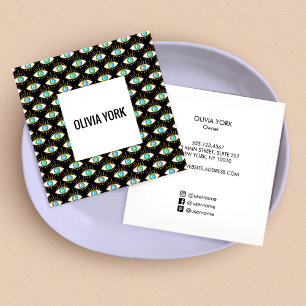 Cartão De Visita Quadrado Legal tendência Terceiro Padrão de Olhos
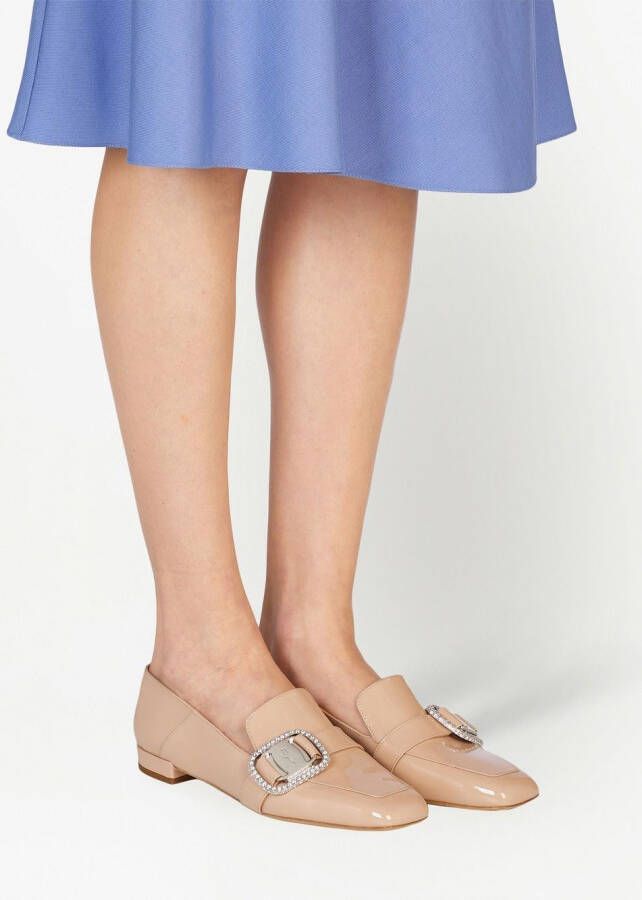 Ferragamo Vara patent-leather chain-loafers Neutrals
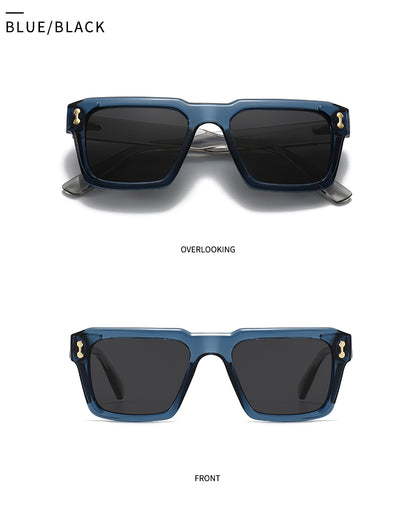 Unisex Square Full Frame Sunglasses With PC Polarized Lens Material In Coffer Color For All Seasons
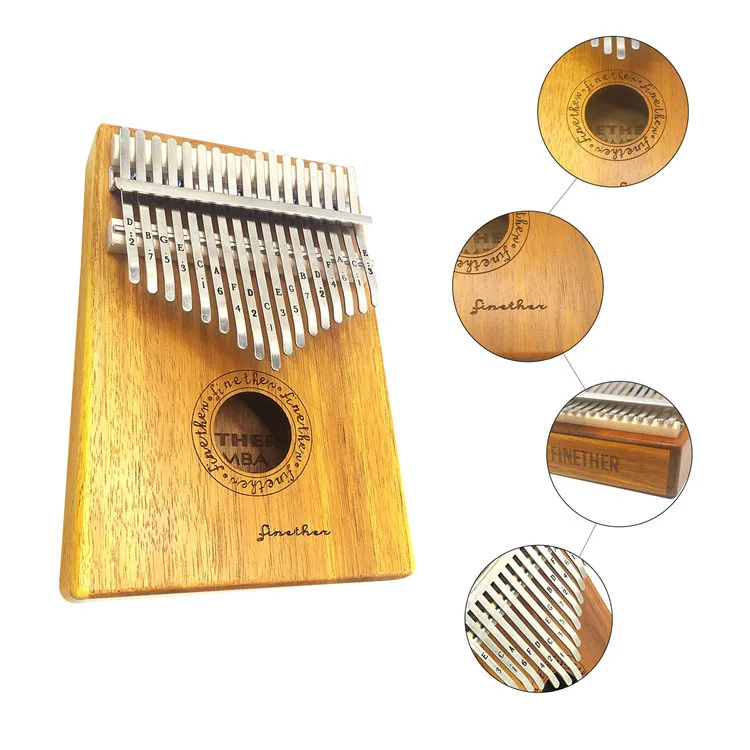 17 ключ палец калимба Mbira Sanza большой пианино карманный размер поддерживающая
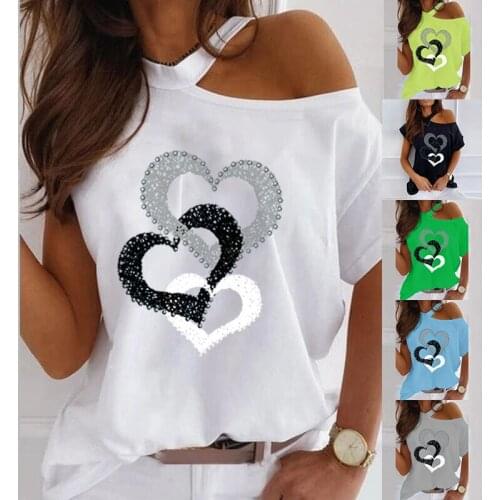 Womens Sexy T-shirt Summer Love Print Tops Fashion Hollow Out Short Sleeves Tee Ladies Street Casual Off Shoulder Plus Size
* * * * * * *
:: WORK TO BE COMPLETED ::
The required output is every line from the one containing "17 ключ палец" through the last line of the data above, restated exactly and without pictures.

:: WORKED SOLUTION ::
 17 ключ палец калимба Mbira Sanza большой пианино карманный размер поддерживающая
 Womens Sexy T-shirt Summer Love Print Tops Fashion Hollow Out Short Sleeves Tee Ladies Street Casual Off Shoulder Plus Size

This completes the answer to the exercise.